This week Apple posted a new job opening for a healthcare privacy lawyer that includes a particular emphasis on HIPAA. The position, titled "Privacy Counsel - HIPAA, Health". Apple declined to comment.
UPDATE: While many publications have indicated that the job opening was a new position at Apple, a quick search of LinkedIn shows a number of privacy-focused counsels and directors currently employed at Apple. Interestingly, Candace Martin held the position "Privacy Counsel" at Apple from January 2015 until April 2016. The job posting went up the first week of May. Martin is now the Global Privacy Director at pharmaceutical distribution and health IT company McKesson. Prior to her time at Apple she spent more than six years at Hogan Lovells as an associate focused on HIPAA compliance with provider, pharma, tech and payer clients. Suffice it to say this job opening is not Apple's first HIPAA-savvy hire.
Here's how Apple describes the job, which will be based in Santa Clara Valley, California: "As Privacy Counsel you will have the opportunity to work with a dynamic and experienced team on privacy issues impacting Apple’s business and products across the globe. You will work directly with business and engineering teams to design innovative privacy solutions for products as well as across the legal department on Apple activities and regulatory issues."
It goes on to explain: "At Apple we are about creating great products. Part of making products great is designing products that respect consumer security and privacy. This role offers the opportunity to work directly with key members of the business, engineering and legal teams on a variety of cutting edge projects including: privacy by design reviews and projects; assist with privacy complaints and breaches; support compliance and auditing frameworks; advise on privacy aspects of licensing and procurement deals and corporate acquisitions; assist with drafting of policies and procedures surrounding privacy laws."
Apple describes CareKit as "a framework for developers to build apps that" let people "better understand and manage [their] medical conditions." At launch the initial few CareKit apps included one for home monitoring of Parkinson's, which is being used by various healthcare providers, and one for post-surgical discharge, which Texas Medical Center is using. The University of Rochester Medical Center, UCSF, Parkinson's Disease Care New York, Stanford Medicine, Johns Hopkins Medicine, and Emory Healthcare all announced plans to use the CareKit Parkinson's app around the time of Apple's CareKit launch announcement.

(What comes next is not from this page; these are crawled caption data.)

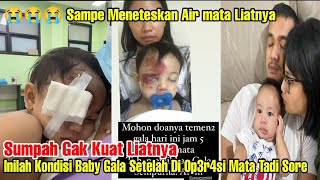 😭😭 Update Terkini Kondisi Baby Gala Sky Setelah Di Op3rasi m4ta Siang Tadi ❗Sedih Banget Liatnya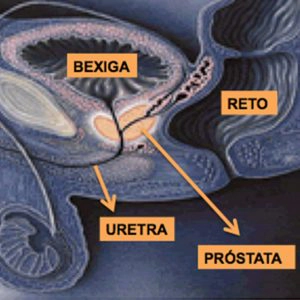 Imagen Prostata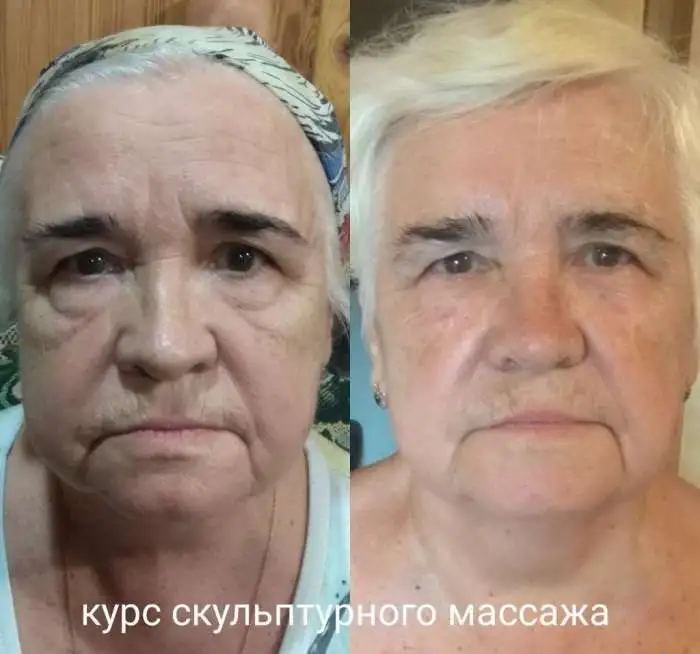 Массаж лица, фотография 6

Earlier this year Apple and the FBI had a high-profile, legal stand-off when the company refused to provide the FBI with backdoor access to a terrorist's iPhone. At the time, Apple CEO Tim Cook said that the protection of consumer privacy is paramount, and that Apple creating a program to unlock an iPhone and turning that program over to the FBI would endanger the security of the data, including personal health information, on every iPhone user’s device.
At the time Lynne A. Dunbrack, vice president at research and consulting firm IDC Health Insights, explained how that scenario could lead to HIPAA violations.
“HIPAA mandates that protected health information created by covered entities be encrypted,” Dunbrack said at the time. “If the FBI succeeds and forces Apple to create a backdoor to unlock the iPhone, then what happens if that backdoor technology falls into the wrong hands? Information stored on the device would be vulnerable to hacking, and if the device was owned by a clinician or healthcare organization, the covered entity responsible for that data could face stiff HIPAA penalties if protected health information is compromised.”
The FBI ended up dropping the case after claiming to find a way to unlock the device themselves.